In another development emphasizing the importance of access and end-to-end solutions, CIENA Corp. in late February revealed plans to buy both access equipment vendor Catena Networks Inc., and Internet Photonics, an optical Ethernet transport and switching solution vendor.
The moves followed Nortel Networks’ announcement earlier the same week that it had partnered with access vendors Calix, ECI Telecom and KEYMILE to deliver end-to-end solutions to service providers.
“The acquisitions of Catena and Internet Photonics are part of CIENA’s ongoing efforts to fuel long-term revenue growth and sustained profitability by expanding our addressable market; capitalizing on new growth opportunities in adjacent and complementary markets,” says Gary Smith, president and CEO of optical equipment vendor CIENA, which recently announced a net loss for the first fiscal quarter of $76.7 million, or a net loss of 16 cents per share. “In the simplest of terms, these acquisitions enhance the scope of the solutions we can offer our customers and further extend CIENA’s network reach and presence.”
CIENA plans to acquire Catena in a stock deal valued at about $486.7 million. Catena will become CIENA’s Broadband Access group following the deal. The group will be led by Jim Hjartarson, president and CEO of Catena.
Internet Photonics also will merge into CIENA, and all the outstanding shares of Internet Photonics’ common and preferred stock, and employee stock options will be exchanged for shares of CIENA common stock. The value of that transaction is estimated at $150 million. Internet Photonics’ employee stock options will be converted into options to purchase CIENA shares.
Internet Photonics will become part of CIENA’s Metro and Enterprise Solutions group and will continue to operate from its Shrewsbury, N.J., and Marlborough, Mass., locations.
Both deals are expected to close by the end of CIENA’s third fiscal quarter 2004.
Through the Catena deal, CIENA gets a good base of access customers. Catena has deployed about 5,500 integrated broadband access solutions with RBOCs, major independent telcos and CLECs.
Catena’s products deliver voice, data and video services over both copper and fiber infrastructures. CIENA says it will couple those products with CIENA’s multiservice DN7 family to give carriers “a compelling offering to enable new DSL, voice-over-packet and passive-opticalnetwork services.”

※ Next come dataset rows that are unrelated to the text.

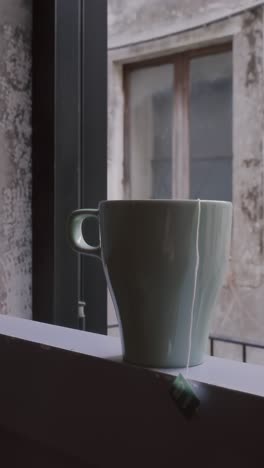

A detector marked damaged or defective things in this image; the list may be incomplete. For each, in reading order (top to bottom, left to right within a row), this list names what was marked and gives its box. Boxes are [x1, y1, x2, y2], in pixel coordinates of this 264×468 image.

peeling plaster wall [0, 0, 31, 318] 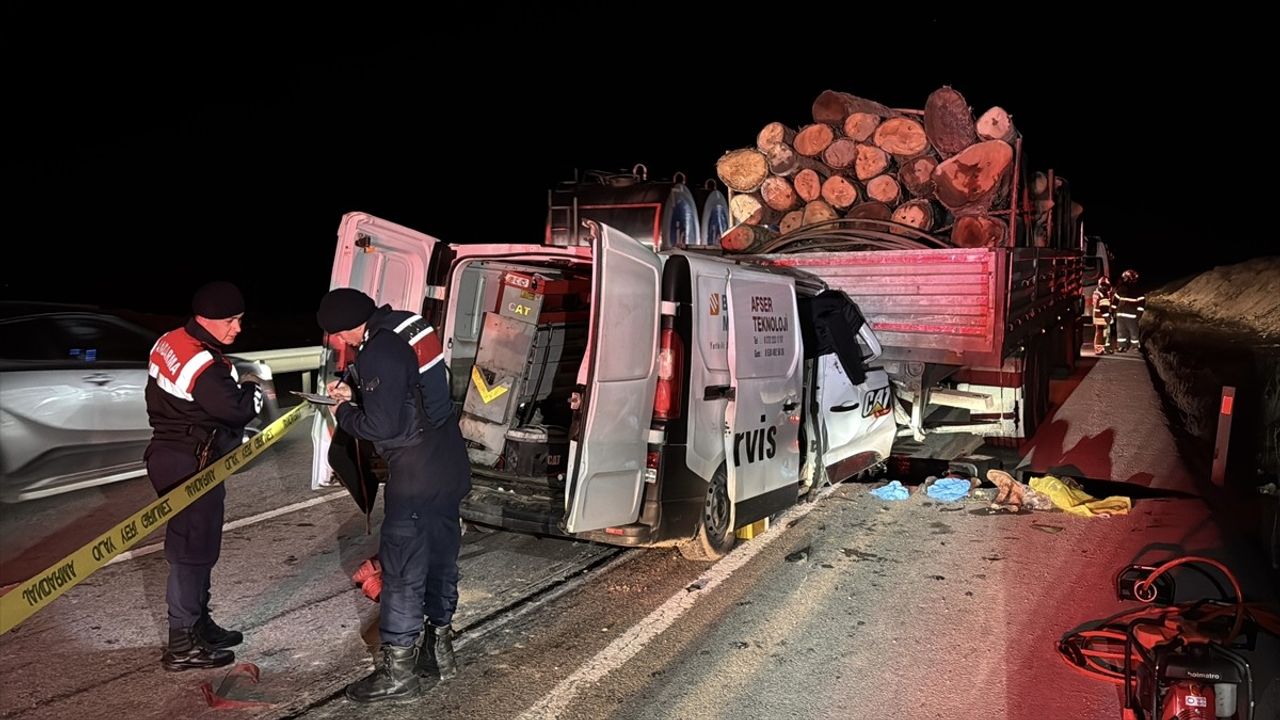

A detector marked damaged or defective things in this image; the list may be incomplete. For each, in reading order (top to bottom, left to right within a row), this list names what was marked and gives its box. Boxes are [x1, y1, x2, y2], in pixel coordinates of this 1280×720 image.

overturned white van [312, 211, 888, 560] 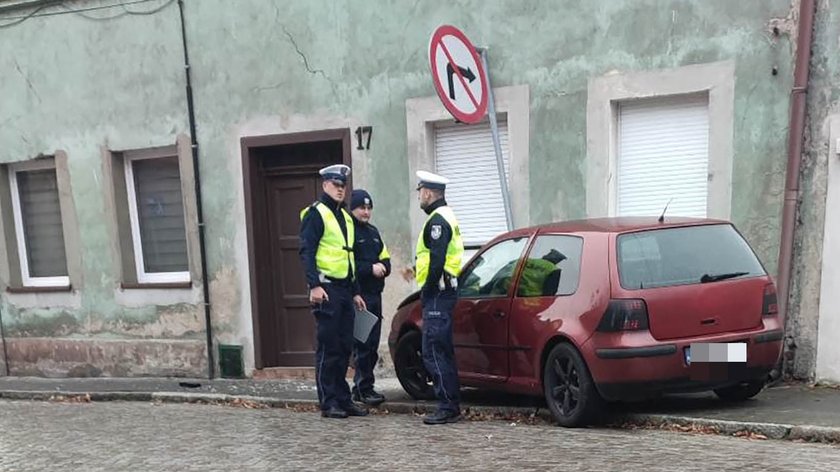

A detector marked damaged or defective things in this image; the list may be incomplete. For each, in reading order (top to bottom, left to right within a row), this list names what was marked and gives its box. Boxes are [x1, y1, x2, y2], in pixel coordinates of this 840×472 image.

bent sign post [426, 25, 512, 230] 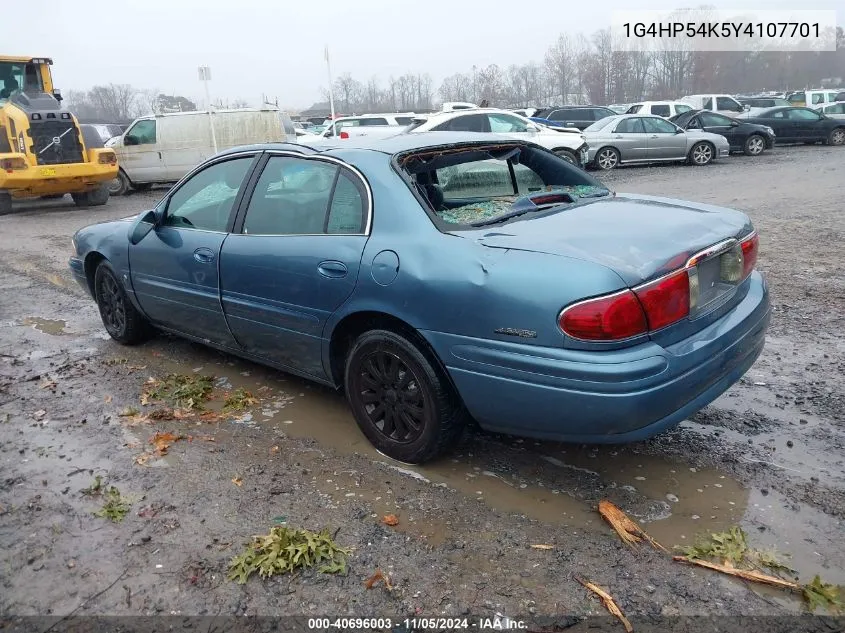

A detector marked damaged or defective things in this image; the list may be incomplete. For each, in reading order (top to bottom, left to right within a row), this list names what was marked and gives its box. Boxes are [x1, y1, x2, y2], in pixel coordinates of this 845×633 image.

shattered glass on rear deck [438, 184, 608, 226] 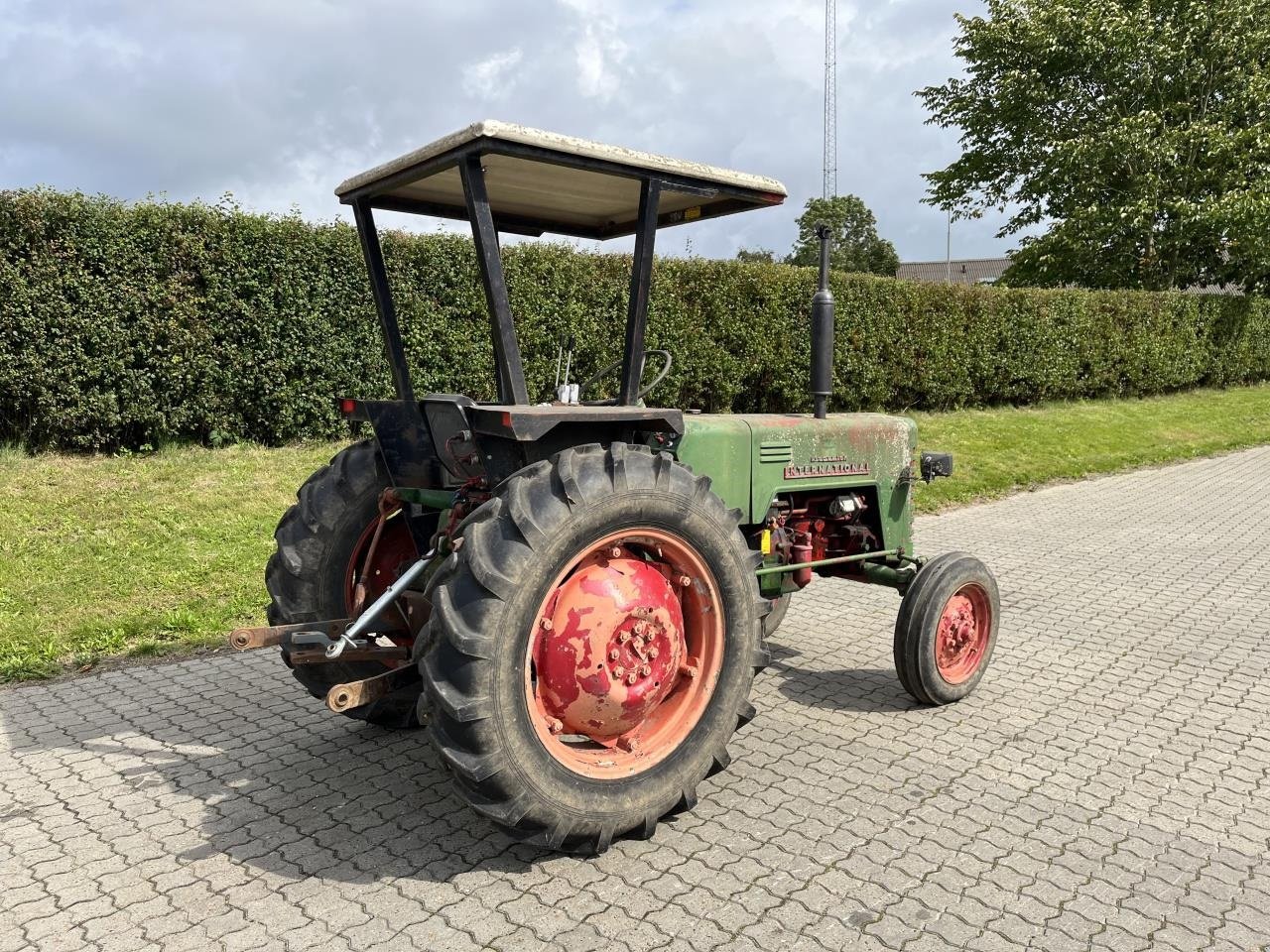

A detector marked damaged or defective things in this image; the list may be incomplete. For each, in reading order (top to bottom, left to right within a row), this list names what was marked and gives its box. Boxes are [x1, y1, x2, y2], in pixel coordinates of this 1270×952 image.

rusty metal [229, 623, 349, 651]
rusty metal [325, 662, 419, 714] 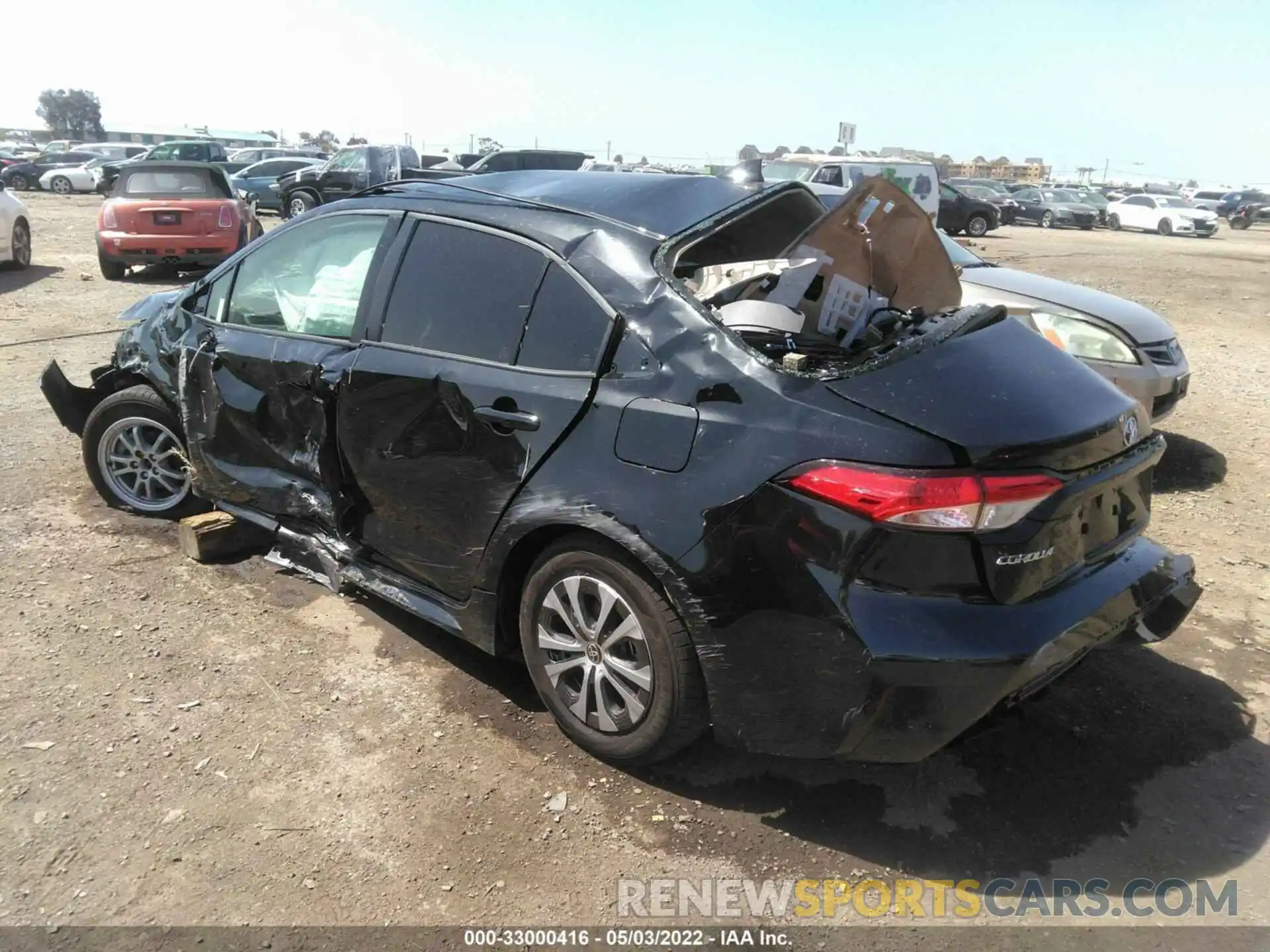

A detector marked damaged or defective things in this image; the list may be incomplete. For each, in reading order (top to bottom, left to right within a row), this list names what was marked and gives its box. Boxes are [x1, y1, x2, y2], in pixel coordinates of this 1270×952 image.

crumpled rear door panel [179, 327, 358, 538]
damaged black car [42, 171, 1199, 766] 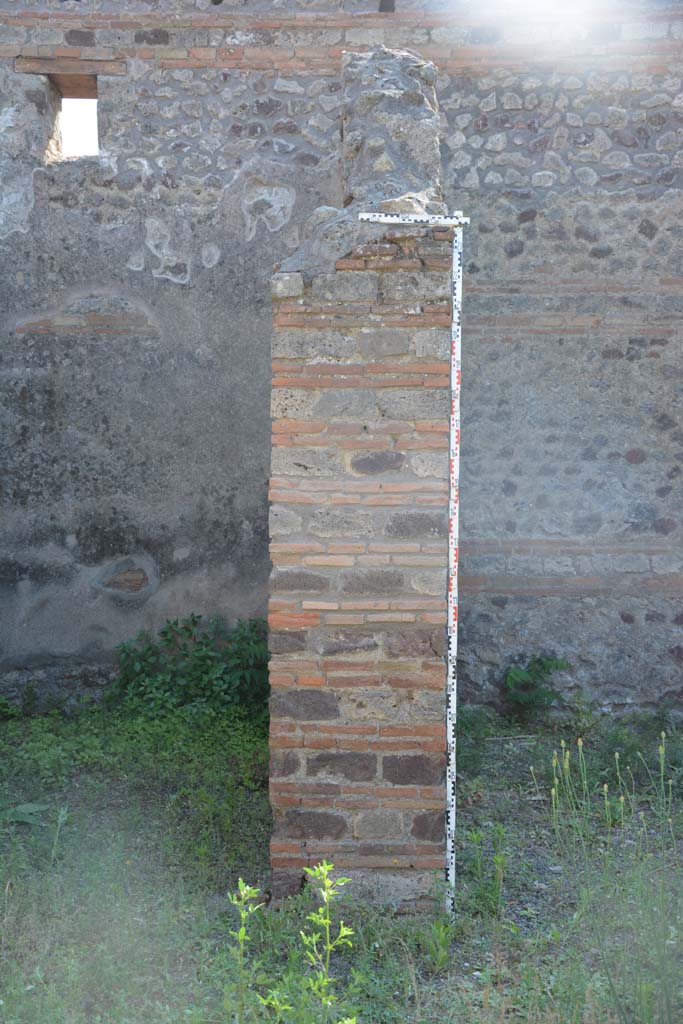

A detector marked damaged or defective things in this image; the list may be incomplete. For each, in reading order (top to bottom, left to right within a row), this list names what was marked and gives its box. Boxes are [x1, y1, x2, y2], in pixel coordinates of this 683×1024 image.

wall with peeling plaster [1, 2, 683, 712] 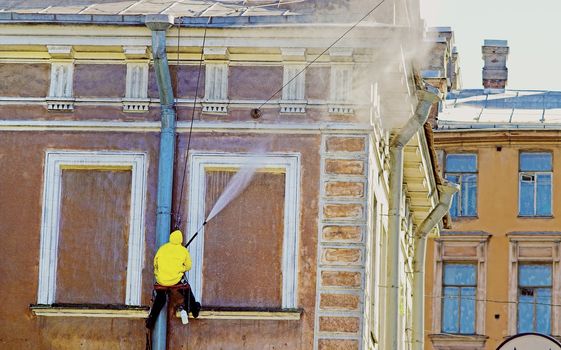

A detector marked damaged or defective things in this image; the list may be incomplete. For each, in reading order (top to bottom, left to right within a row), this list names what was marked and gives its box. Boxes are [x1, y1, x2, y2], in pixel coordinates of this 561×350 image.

rusty wall stain [56, 170, 132, 304]
rusty wall stain [201, 171, 284, 308] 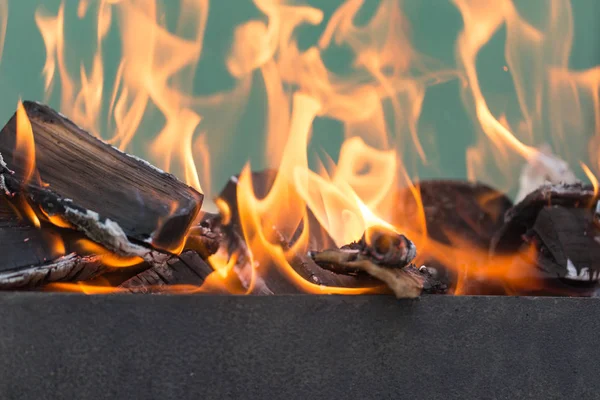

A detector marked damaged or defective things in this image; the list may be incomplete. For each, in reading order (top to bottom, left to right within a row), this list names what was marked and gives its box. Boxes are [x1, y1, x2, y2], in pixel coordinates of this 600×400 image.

charred wood piece [0, 101, 204, 255]
charred wood piece [119, 250, 213, 294] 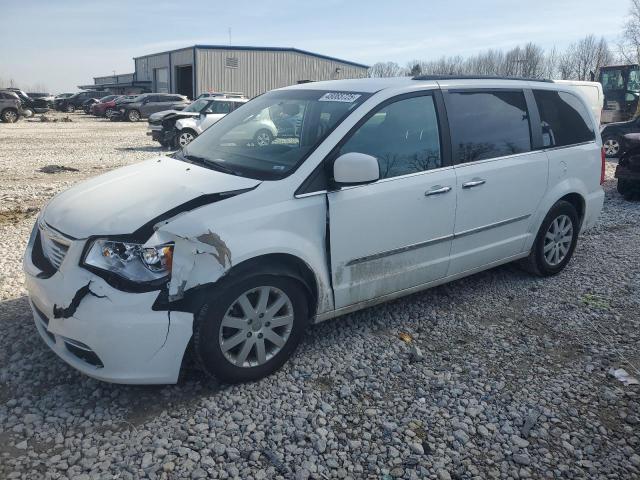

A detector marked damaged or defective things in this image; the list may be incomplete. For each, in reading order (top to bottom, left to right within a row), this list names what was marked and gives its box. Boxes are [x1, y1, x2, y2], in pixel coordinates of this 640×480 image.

crushed fender [53, 282, 107, 318]
cracked bumper [23, 231, 194, 384] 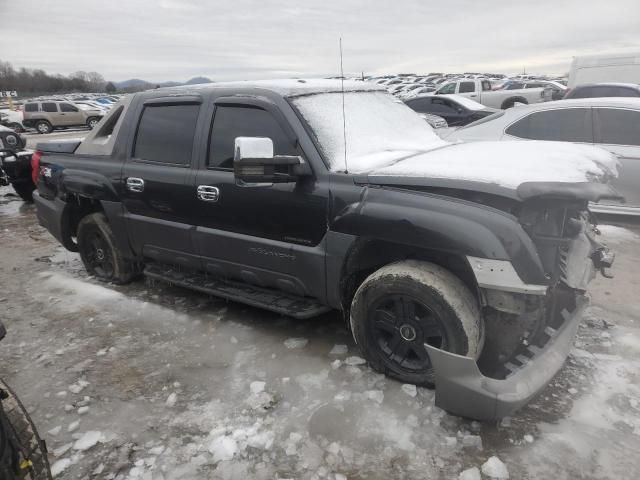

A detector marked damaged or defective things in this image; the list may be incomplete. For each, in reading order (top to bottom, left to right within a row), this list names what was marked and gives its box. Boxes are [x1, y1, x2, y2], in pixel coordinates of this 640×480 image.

damaged front end [424, 191, 616, 420] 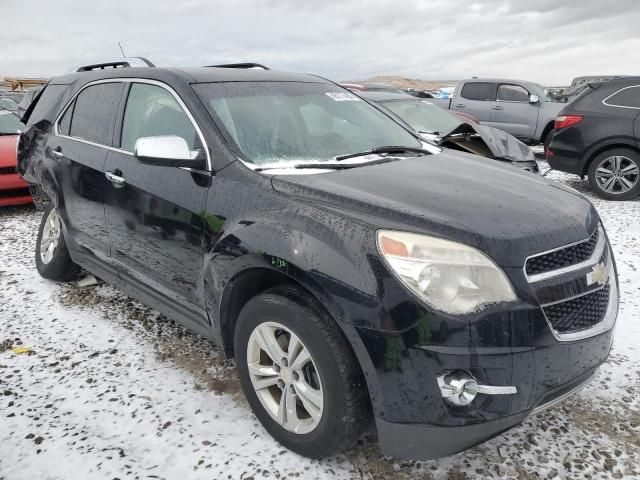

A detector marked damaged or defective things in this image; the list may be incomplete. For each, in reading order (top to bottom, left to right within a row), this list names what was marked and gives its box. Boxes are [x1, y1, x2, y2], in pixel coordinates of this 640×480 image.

damaged car [18, 61, 620, 462]
damaged car [362, 90, 536, 172] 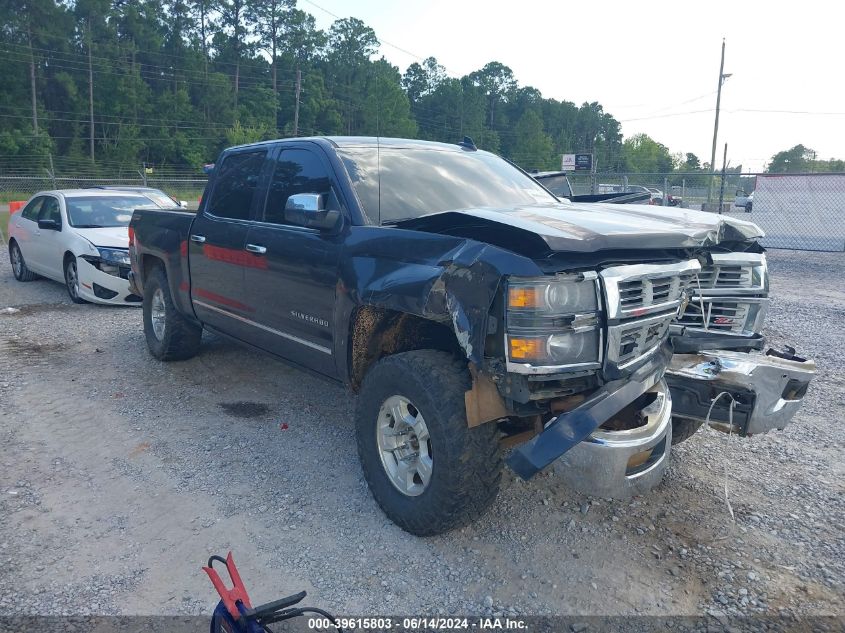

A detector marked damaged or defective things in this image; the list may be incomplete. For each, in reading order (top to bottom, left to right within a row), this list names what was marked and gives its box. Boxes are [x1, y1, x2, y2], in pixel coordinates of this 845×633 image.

Internet Photonics expands CIENA’s portfolio targeting multiservice operators and traditional carriers with the addition of a flexible platform for carrier-grade gigabit Ethernet solutions. Internet Photonics’ customers include six of the top 10 cable operators in the United States, including significant deployments by Cablevision and Adelphia, as well as carriers such as TDS Metrocom, that use Internet Photonics’ solutions to deploy Ethernet private-line services.